A year has passed since Sanjay Kumar, the former apprentice-turned-CEO at Computer Associates International Inc., stepped down from his post at the scandal-ridden software company.

Now, as Kumar awaits trial on charges of securities fraud and obstruction of justice, CA is touting its transformation as a cleaned-up enterprise. Since last year, the Islandia, N.Y., company has hired a new management team, signed a settlement with shareholders and the government and put in checks and balances to avoid future predicaments. It also underwent a restructuring, refocused its product line and is trying to improve customer service, where its reputation has suffered for years. It is also acquiring again.

"This is a new day at CA and I'm excited about what lies ahead for the company," former interim CEO Kenneth Cron boasted during a conference call last October.

While outside observers applaud all that, CA is still a long way from becoming the revitalized, unsullied software powerhouse that it so desperately wants to be. For starters, the company can't seem to get its financial house in order. In late May, CA reported an 81% drop in fourth-quarter net income and announced it must readjust its financial statements one more time after it discovered questionable transactions that occurred between 1998 and 2001. The news prompted Standard & Poor's on May 27 to revise its outlook on the company from stable to negative. Three Wall Street analysts have downgraded CA's stock since January. Experts say the restatement, which amounts to around $100 million, is a financial hiccup for CA. But it's one the company didn't need.

"We know this song and we don't want to hear it again," says Nitsan Hargil, a senior technology analyst with Friedman, Billings, Ramsey & Co., which downgraded CA's stock twice last year. Analysts are also concerned the company is relying too much on its mainframe management business, a technology poised for decline, which comprised about 52% of CA's sales in the fourth quarter.

CA also has been unable to escape shareholder Sam Wyly, the Texas billionaire who has launched numerous lawsuits against the company. Wyly has criticized CA's board for being slow to take action against former executives, and he wonders why those board members remain on the job.

Finally, some question whether John Swainson, the new president and CEO, is up to the task of turning around a battered software company. Swainson ran IBM Corp.'s sales force for several years but never an entire company, let alone one this size. He took Cron's place in February; Cron stayed on as a company director.

Computer Associates could be a proxy for many companies felled by scandals and legal woes — though it's not had to suffer through the purgatory of Chapter 11. It's one thing to stop the bleeding from investigations and civil — or even criminal — charges, or take the company out of the headlines. It's another to remake the company with new senior executives, to repair damage inflicted on customers, vendors and workers, then strategically make sense of operations. That's the task that CA now faces.
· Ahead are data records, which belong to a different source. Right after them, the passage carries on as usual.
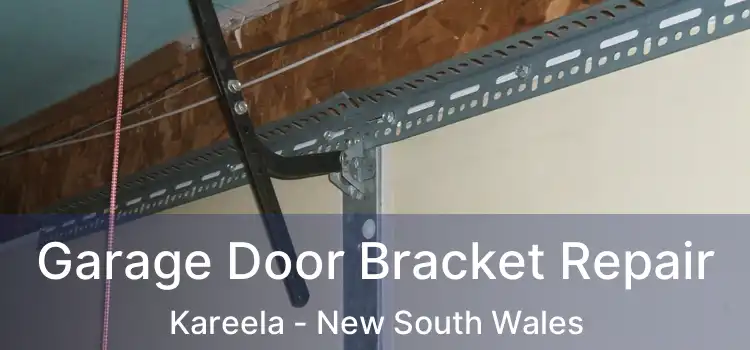 Garage Door Bracket Repair Kareela - New South Wales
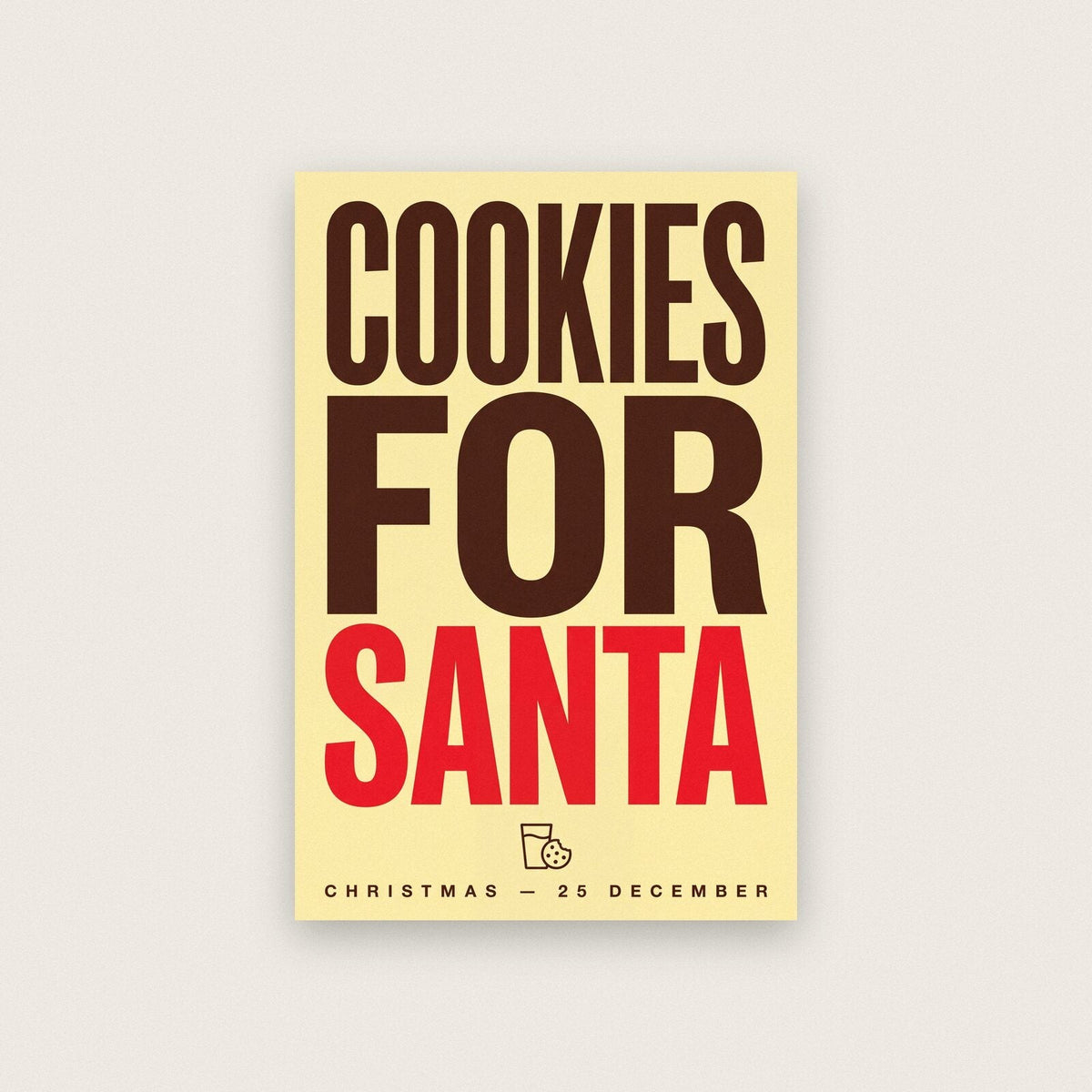 Cookies For Santa Christmas Typography Art Print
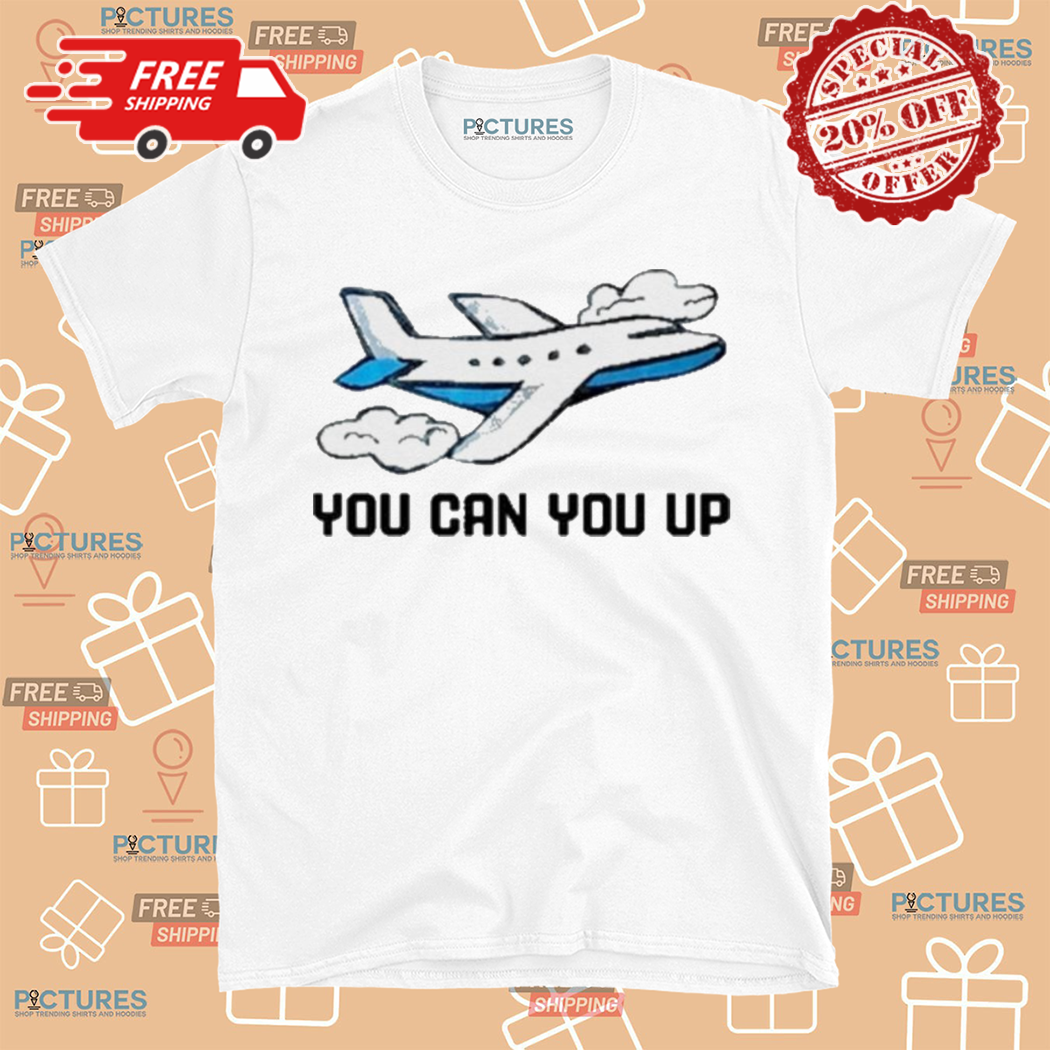Airplane You Can You Up 2024 Shirt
Computer Associates' problems surfaced in 2001, when Wyly, who had sold his company, Sterling Software Inc., to CA in 2000 for $4 billion in stock, alleged corporate mismanagement at CA and launched two consecutive, highly publicized proxy fights, costing both sides millions of dollars in lawyers' fees and advertising expenses. The Texan eventually abandoned his quest after reaching a $10 million settlement with the company, but the contests put CA in the spotlight. In 2002, federal investigators began an extensive probe into the company's accounting methods.

Kumar denied wrongdoing at CA and continually bragged about the company's ethics. "I truly am committed to be the gold standard for corporate governance," he told The Deal in November 2002.

Still, in August 2003, CA agreed to settle some lawsuits filed by shareholders who had accused the company of accounting misdeeds. CA issued 5.7 million shares, worth more than $150 million.

Fast forward to 2005. Today, seven former executives have been indicted or pleaded guilty, and the company has acknowledged it improperly booked $2.2 billion in revenue after some executives schemed to backdate sales contracts. The board fired most of CA's top brass, eventually demoting Kumar to chief software architect until he stepped down in June 2004.

"Sam has turned out to be more right than he knew," says William Brewer III, Wyly's lawyer and a co-founder of Dallas law firm Bickel & Brewer.

A few months after Kumar's departure, CA agreed to reimburse shareholders again — this time $225 million — as part of a deferred prosecution agreement it signed with federal officials. This agreement granted CA immunity from prosecution, as long as the company agreed to take numerous steps to clean house and have a court-appointed examiner appoint it for 18 months. The U.S. Department of Justice and the Securities and Exchange Commission, meanwhile, assumed responsibility for pursuing CA's rights to retrieve any compensation and bonuses — i.e., ill-gotten gains — that the former executives received based on fraudulent financial results. CA also agreed to provide information to aid the government's effort.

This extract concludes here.